An article written by Ray Calleja: Head – Private Clients, MeDirect
In previous articles, we discussed the importance of diversification in an investment portfolio, where you invest in securities that perform differently in a specific situation. It can help reduce volatility and potentially increase your returns over time. Today, we will discuss the problem where you could be investing in several mutual funds with overlapping positions, which can actually reduce the effectiveness of diversification.
A frequent investing theme of today is owning more than a dozen mutual funds. Often purchased over time with little thought as to how the collection fits together, if at all. Owning several funds can result in creating significant overlap of securities. That is, individual holdings within the mutual funds are often the same, or quite similar. While fund names differ, their holdings may not.
This can happen because different funds may highlight the same or similar parts of the market and result in a portfolio concentrated in one particular equity, industry, economic sector or geographic region. This can help dilute your effort of diversification. However, checking your portfolio for fund overlap is relatively easy.

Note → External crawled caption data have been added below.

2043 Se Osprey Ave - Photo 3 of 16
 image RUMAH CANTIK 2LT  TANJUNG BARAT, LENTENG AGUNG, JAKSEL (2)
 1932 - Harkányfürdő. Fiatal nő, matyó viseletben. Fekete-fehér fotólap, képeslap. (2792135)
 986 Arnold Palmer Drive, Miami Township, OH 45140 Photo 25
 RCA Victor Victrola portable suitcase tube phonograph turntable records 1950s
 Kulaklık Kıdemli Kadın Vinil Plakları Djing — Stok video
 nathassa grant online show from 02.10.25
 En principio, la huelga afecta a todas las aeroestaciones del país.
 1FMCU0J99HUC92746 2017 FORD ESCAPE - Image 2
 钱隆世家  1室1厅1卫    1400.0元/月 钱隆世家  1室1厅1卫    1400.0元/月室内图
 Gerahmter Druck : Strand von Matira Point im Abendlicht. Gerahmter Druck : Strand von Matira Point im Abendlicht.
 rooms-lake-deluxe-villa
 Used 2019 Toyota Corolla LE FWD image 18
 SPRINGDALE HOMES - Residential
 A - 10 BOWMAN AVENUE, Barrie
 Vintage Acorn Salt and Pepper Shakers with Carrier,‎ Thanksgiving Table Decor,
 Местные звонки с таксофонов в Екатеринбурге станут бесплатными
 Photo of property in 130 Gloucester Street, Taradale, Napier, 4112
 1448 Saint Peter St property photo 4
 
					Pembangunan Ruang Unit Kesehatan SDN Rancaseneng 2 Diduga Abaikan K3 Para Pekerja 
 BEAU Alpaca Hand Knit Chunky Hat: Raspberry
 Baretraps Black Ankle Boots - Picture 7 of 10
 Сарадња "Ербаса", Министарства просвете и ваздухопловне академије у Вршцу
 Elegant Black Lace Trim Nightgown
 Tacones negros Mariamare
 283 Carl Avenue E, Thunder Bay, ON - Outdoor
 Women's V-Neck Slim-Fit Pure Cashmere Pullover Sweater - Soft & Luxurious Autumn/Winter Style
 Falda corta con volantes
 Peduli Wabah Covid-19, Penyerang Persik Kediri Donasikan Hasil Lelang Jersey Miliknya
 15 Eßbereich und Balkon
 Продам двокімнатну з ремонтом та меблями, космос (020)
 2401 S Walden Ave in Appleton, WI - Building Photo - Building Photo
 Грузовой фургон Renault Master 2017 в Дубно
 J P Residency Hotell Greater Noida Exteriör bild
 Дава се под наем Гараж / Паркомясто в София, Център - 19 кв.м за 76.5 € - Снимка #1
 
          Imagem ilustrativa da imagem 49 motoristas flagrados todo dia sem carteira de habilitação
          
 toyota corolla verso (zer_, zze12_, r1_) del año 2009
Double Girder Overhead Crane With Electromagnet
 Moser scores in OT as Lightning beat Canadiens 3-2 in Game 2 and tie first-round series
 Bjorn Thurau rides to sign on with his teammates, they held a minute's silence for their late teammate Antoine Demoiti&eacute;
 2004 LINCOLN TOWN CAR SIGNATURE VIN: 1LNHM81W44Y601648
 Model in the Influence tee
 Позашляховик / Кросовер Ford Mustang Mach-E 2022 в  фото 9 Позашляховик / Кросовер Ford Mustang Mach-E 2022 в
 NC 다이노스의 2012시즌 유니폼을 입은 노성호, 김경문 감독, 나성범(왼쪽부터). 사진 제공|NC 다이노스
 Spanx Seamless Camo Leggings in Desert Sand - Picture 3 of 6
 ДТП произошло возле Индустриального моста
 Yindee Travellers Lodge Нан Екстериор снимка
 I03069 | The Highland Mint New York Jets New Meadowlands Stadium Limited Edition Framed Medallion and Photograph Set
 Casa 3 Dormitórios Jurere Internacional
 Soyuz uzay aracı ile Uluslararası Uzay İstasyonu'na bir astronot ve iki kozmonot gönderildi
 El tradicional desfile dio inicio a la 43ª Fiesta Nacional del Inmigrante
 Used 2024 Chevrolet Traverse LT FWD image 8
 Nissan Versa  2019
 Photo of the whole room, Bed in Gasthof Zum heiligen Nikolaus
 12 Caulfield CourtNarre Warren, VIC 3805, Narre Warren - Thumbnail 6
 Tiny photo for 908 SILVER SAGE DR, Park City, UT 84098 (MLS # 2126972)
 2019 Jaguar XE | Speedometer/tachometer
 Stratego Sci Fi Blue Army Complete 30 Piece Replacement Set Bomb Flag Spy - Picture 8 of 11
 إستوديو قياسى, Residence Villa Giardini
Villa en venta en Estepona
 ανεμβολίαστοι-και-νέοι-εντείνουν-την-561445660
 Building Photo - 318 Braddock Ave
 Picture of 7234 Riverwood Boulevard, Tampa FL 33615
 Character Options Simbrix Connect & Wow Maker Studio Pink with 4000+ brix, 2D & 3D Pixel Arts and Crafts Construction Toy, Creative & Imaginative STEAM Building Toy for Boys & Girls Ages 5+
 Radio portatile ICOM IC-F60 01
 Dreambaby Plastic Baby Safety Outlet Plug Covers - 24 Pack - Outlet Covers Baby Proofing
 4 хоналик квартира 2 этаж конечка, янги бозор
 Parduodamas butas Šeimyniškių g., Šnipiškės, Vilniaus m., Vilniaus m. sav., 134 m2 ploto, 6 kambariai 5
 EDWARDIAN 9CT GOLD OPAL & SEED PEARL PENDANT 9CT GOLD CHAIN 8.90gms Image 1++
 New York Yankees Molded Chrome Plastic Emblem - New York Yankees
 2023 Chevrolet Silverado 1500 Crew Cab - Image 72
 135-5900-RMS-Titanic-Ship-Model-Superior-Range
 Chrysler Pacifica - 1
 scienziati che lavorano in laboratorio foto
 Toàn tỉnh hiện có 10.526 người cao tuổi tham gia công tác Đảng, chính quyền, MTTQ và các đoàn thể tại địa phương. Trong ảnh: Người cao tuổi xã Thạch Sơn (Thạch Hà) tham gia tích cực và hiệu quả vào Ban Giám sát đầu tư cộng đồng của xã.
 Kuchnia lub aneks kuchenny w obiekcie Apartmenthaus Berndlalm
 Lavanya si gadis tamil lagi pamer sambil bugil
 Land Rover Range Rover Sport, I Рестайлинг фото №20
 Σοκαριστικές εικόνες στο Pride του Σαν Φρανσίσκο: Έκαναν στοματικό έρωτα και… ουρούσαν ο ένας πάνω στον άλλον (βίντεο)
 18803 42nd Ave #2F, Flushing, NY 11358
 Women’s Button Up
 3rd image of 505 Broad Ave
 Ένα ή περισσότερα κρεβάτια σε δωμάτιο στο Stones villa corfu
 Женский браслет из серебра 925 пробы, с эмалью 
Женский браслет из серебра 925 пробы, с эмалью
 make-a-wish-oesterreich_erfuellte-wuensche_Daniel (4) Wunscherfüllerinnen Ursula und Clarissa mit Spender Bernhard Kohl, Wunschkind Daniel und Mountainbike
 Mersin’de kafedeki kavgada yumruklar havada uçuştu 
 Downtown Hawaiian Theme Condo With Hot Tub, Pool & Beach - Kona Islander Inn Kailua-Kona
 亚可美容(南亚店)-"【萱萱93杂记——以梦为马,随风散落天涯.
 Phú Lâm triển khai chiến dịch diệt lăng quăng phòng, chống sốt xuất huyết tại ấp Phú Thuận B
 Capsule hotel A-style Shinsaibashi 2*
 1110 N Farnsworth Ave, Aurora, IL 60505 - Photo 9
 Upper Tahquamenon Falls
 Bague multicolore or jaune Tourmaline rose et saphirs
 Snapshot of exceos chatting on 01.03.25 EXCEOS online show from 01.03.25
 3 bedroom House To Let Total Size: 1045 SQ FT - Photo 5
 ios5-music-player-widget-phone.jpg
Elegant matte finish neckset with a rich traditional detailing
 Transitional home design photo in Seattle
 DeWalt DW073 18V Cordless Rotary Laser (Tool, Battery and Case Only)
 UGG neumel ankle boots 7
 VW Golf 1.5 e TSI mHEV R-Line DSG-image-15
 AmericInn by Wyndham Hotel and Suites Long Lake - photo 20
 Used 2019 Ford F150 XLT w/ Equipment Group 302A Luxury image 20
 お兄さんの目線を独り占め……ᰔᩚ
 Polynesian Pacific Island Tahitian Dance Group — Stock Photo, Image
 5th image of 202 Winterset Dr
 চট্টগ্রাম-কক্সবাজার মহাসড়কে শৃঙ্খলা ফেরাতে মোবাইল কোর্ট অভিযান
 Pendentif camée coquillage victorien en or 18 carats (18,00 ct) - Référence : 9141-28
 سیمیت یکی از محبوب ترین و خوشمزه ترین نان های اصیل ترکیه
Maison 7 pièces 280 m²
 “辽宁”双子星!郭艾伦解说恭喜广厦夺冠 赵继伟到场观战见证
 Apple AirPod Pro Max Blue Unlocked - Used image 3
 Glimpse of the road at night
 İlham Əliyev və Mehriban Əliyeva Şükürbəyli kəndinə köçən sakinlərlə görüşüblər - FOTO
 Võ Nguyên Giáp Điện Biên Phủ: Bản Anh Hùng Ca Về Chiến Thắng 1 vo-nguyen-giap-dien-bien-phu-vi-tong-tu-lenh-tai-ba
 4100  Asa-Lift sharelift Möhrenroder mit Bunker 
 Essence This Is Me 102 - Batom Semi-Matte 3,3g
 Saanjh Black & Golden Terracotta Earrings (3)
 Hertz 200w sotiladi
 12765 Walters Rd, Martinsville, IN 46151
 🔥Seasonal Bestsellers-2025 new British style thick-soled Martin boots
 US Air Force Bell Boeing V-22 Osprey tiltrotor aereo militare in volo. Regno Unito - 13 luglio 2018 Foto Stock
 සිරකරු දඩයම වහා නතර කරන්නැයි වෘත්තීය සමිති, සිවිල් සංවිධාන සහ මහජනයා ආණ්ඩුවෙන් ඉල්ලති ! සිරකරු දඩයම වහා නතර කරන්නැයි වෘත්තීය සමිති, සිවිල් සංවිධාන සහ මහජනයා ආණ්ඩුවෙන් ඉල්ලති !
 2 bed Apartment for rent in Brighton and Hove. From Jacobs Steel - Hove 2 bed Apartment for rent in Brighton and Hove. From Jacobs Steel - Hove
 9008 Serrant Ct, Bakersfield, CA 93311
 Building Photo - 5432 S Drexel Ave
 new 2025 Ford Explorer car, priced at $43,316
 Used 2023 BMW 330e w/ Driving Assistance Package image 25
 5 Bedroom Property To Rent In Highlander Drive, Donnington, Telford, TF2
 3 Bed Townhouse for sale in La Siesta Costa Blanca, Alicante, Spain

Fund overlap will expose you to the risk of having too much money concentrated in one or a limited number of securities. This can lead to below-average returns and possibly higher volatility and ultimately it can mean that you will not achieve your financial goals. Many experts recommend that you should review your portfolio at least once a year to check for overlap and take the necessary steps to correct it. Admittedly, diversification cannot guarantee a profit or protect you against loss in down markets but it usually comes close to doing so.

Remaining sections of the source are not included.